Однако все эти действительно неясные стороны левоэсеровского выступления заставляют задуматься и над другими вопросами. Вина Ленина в произошедшем в Москве кровопролитии более чем сомнительна. Стоило Ленину рисковать полным подрывом своего авторитета в партии, чтобы потом неуклюже провоцировать обострение русско-германских отношений? С другой стороны, известно, что Блюмкин после его перехода на сторону большевиков был одним из самых твёрдых последователей Троцкого. Самого Троцкого безоговорочным сторонником войны назвать, пожалуй, нельзя. Но именно Троцкий был близким партнёром Я. Свердлова, о неясной роли которого во внутрипартийных делах мы уже говорили.

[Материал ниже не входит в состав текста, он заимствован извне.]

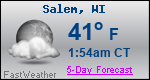 Weather Forecast for Salem, WI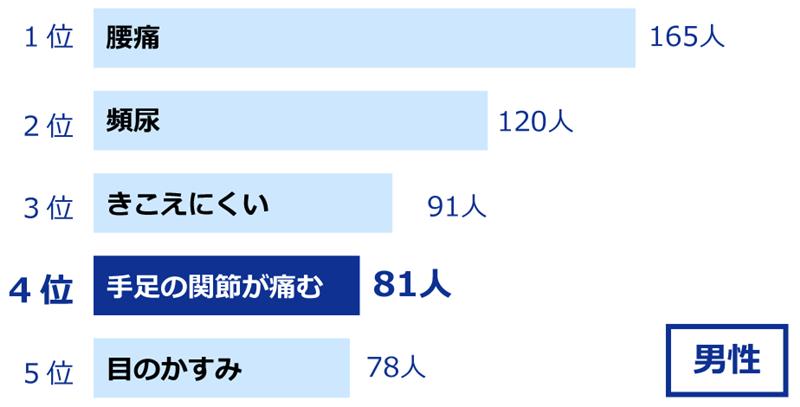 男性の割合グラフ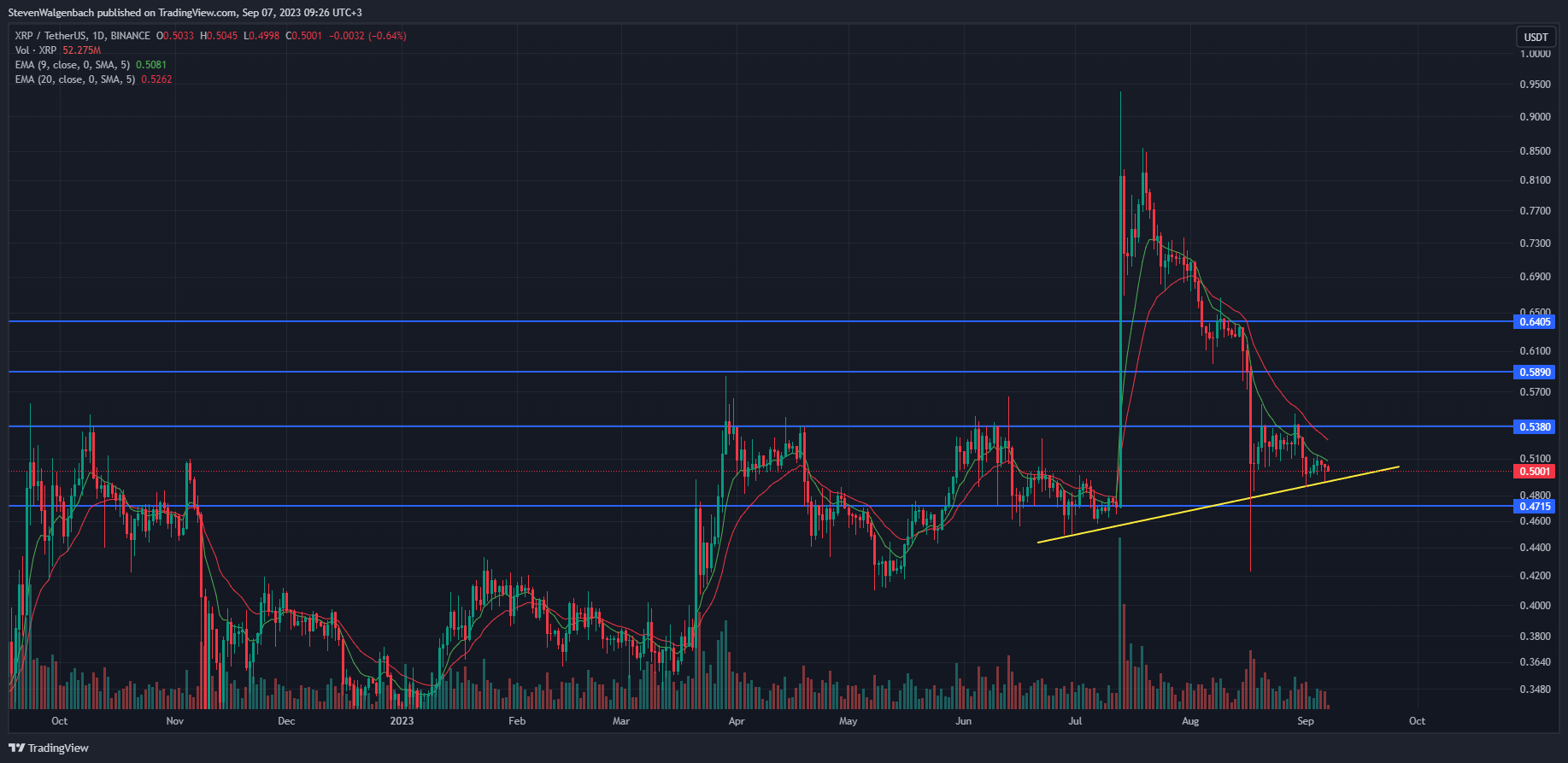 Daily chart for XRP/USDT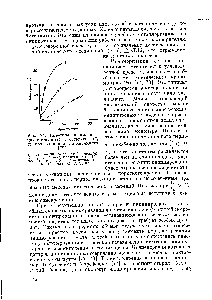 Рис. 94. Кинетика полимеризации стирола (1) и бутадиена (2, 3) под влиянием литийалкилов [78].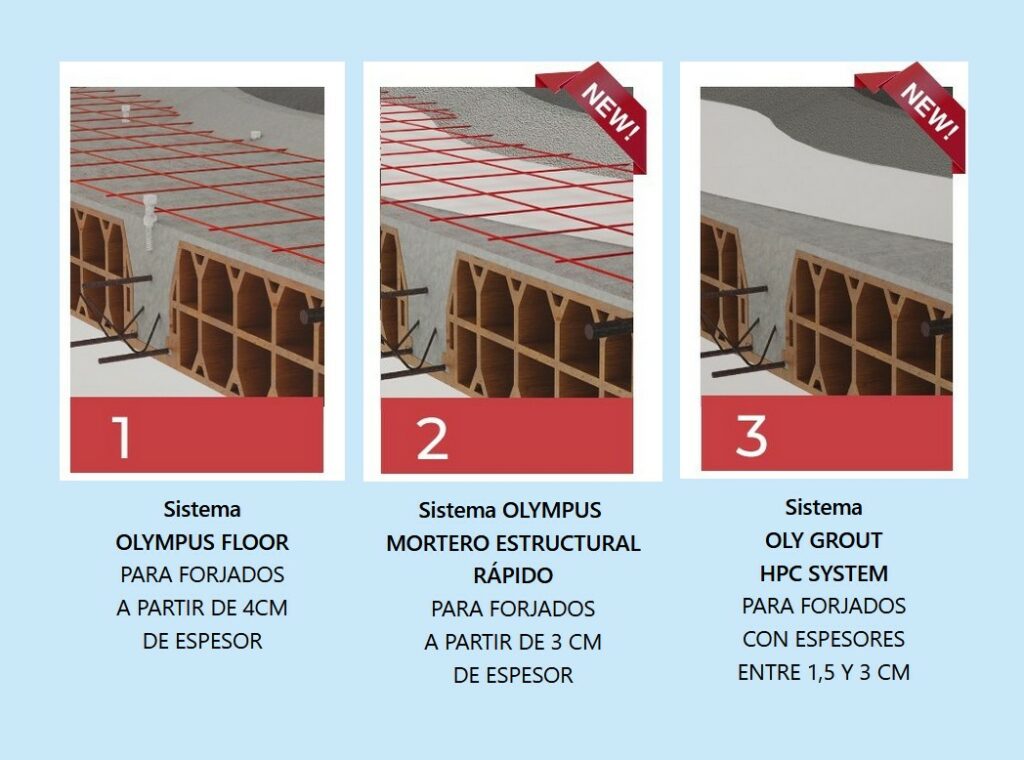 refuerzo estructural olympus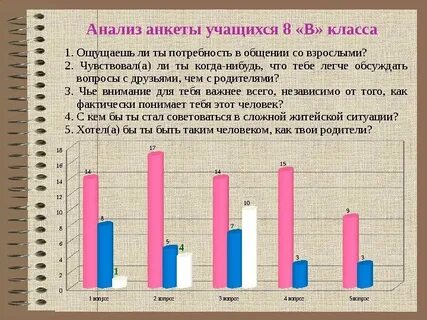 Анализ анкетирования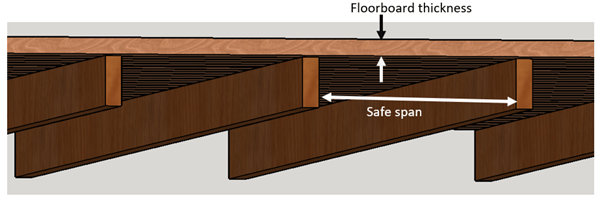 Professional Resources – ITC-SA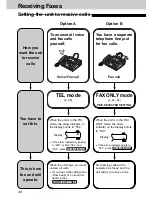 Preview for 40 page of Panasonic KX-FT21HK Operating Instructions Manual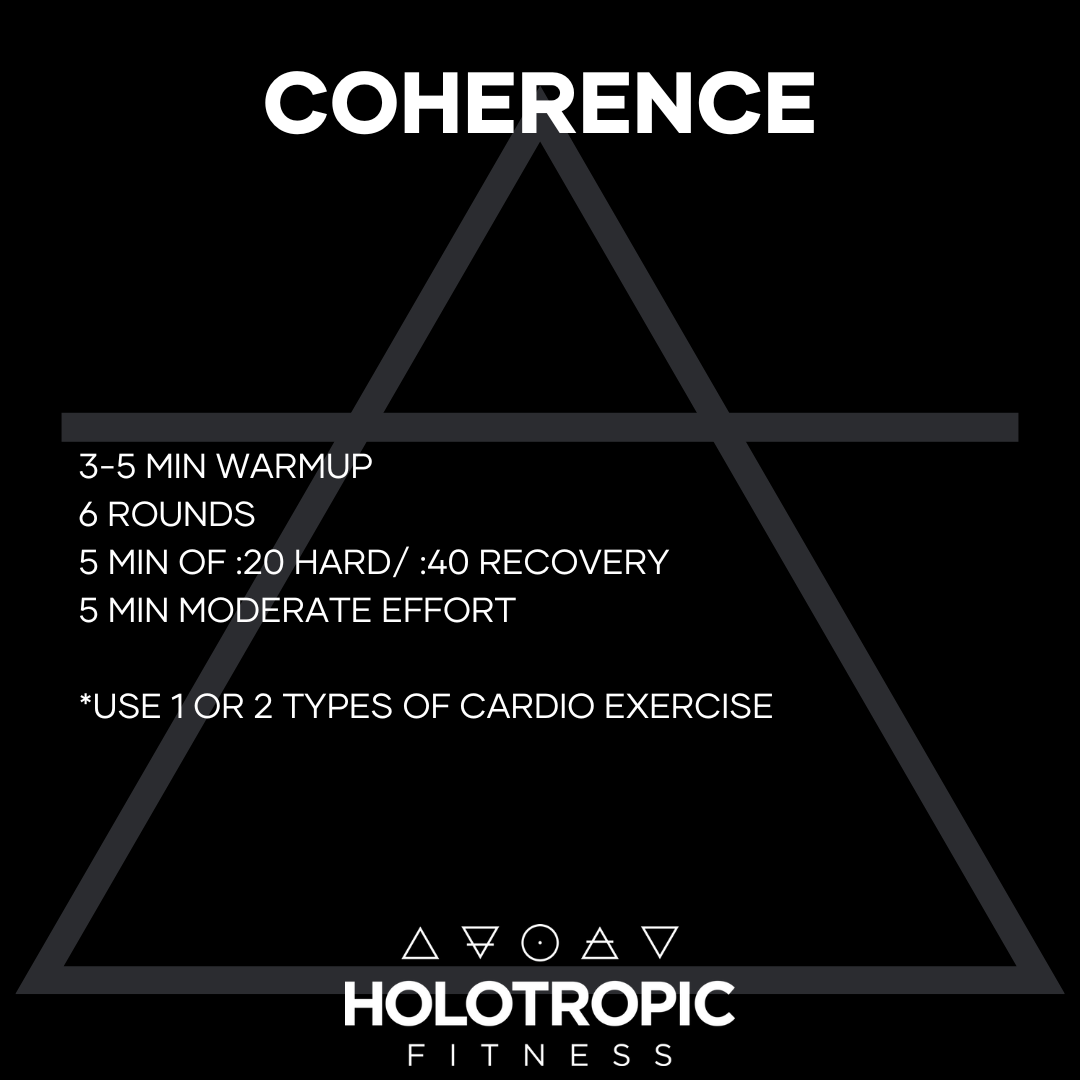 Coherence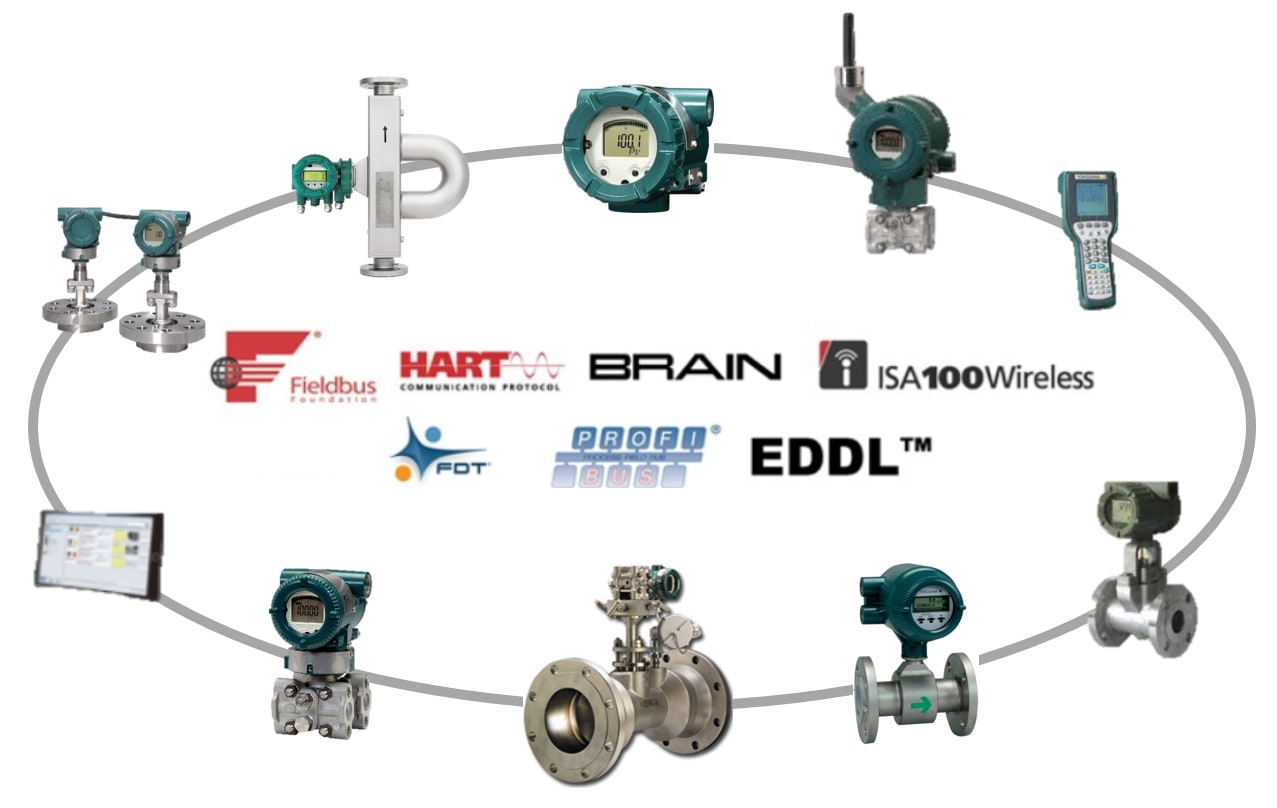 Standard Communication Protocols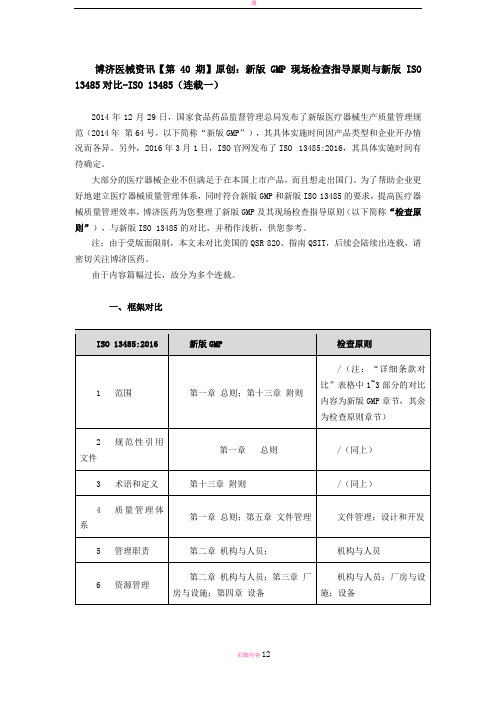 原创：新版GMP现场检查指导原则与新版ISO 13485对比(连载一)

Кроме того, известно, что левые эсеры обращались к левым большевикам с далеко идущими предложениями. Цель их была спровоцировать войну. Допускалось, что при этом придётся арестовать Совнарком во главе с Лениным. Переговоры с Радеком и Бухариным велись в форме «шутки», но так было по свидетельству самих участников этих переговоров. Насколько это соответствовало действительности, сказать трудно. Как известно, на процессах 30-х гг. обвинения в подготовке покушения на Ленина предъявили только Бухарину, причём группа эсеров подтвердила их. Как писал «собиратель» чужих тайн Николаевский, разговоры о подобных вещах велись, но реальных планов ареста Ленина не было[282]. По мнению одного из наиболее добросовестных биографов Бухарина венгра М. Куна, левые коммунисты отвергли все подобные предложения с гневом[283]. Следовательно, о «шуточном» характере переговоров уже говорить сложно. Ю. Фельштинский, в частности, приходит к заключению, что убийство Мирбаха, а следовательно, и все события 7–8 июля 1918 года могли стать результатом деятельности радикалов не только в ПЛСРИ, но и левых большевиков.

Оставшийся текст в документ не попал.